What needs to be done -
From the listing below, give again exactly the lines from the line with "Silver flower brooch" to the line with "(New), Essex Framed", ends included, without any pictures.

Data for analysis -
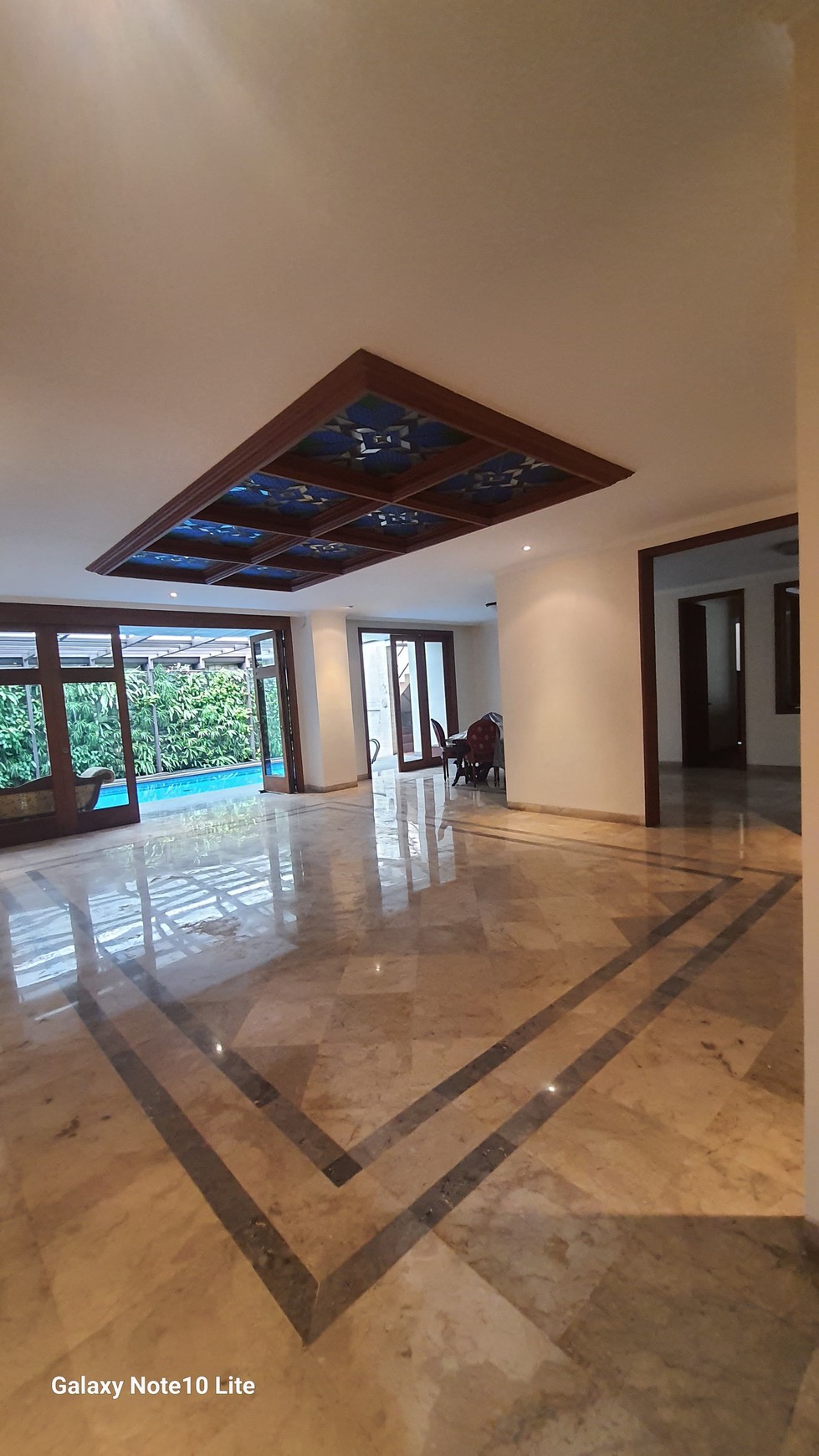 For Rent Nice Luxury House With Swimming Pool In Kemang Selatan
---
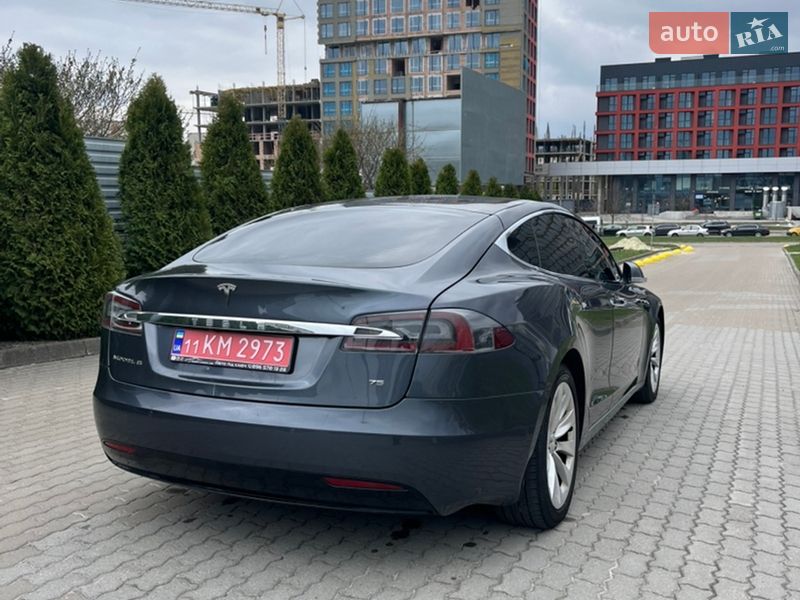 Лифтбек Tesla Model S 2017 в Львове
* * *
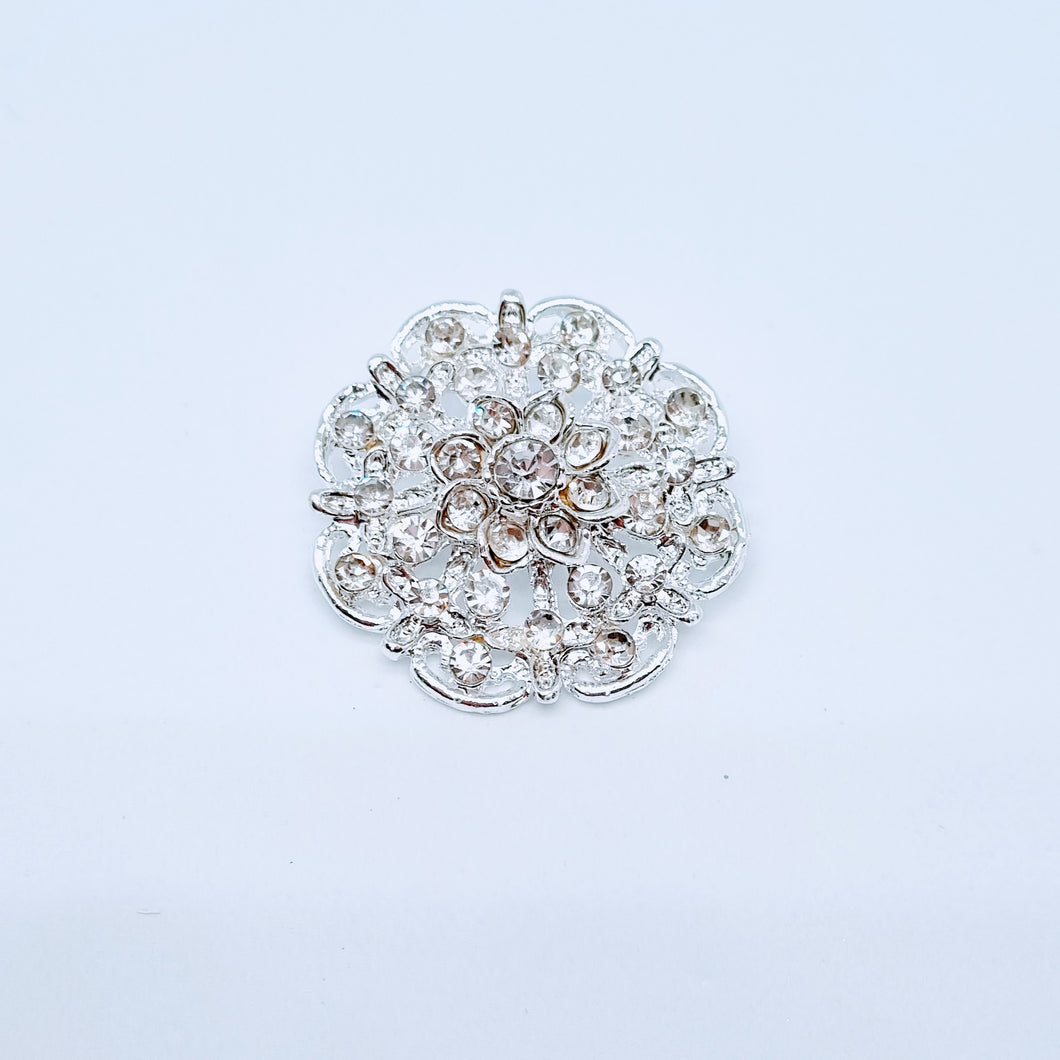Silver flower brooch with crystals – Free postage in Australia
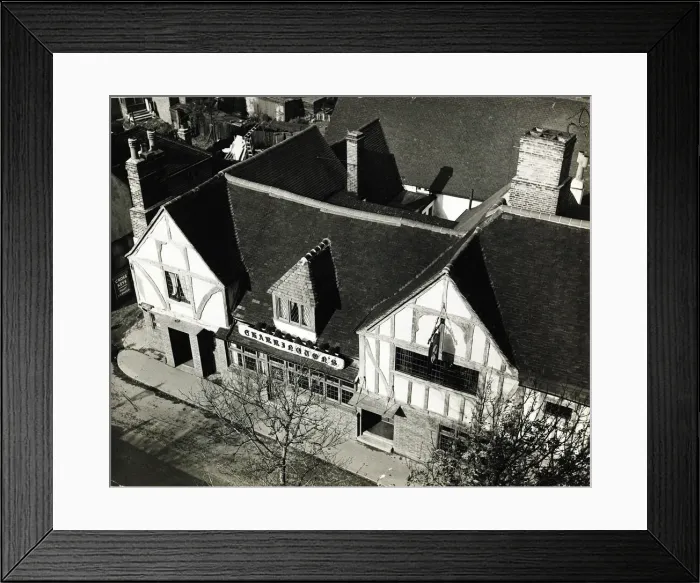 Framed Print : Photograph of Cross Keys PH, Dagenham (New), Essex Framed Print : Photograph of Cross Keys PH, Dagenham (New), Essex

Solution to this problem -
Silver flower brooch with crystals – Free postage in Australia
 Framed Print : Photograph of Cross Keys PH, Dagenham (New), Essex Framed Print : Photograph of Cross Keys PH, Dagenham (New), Essex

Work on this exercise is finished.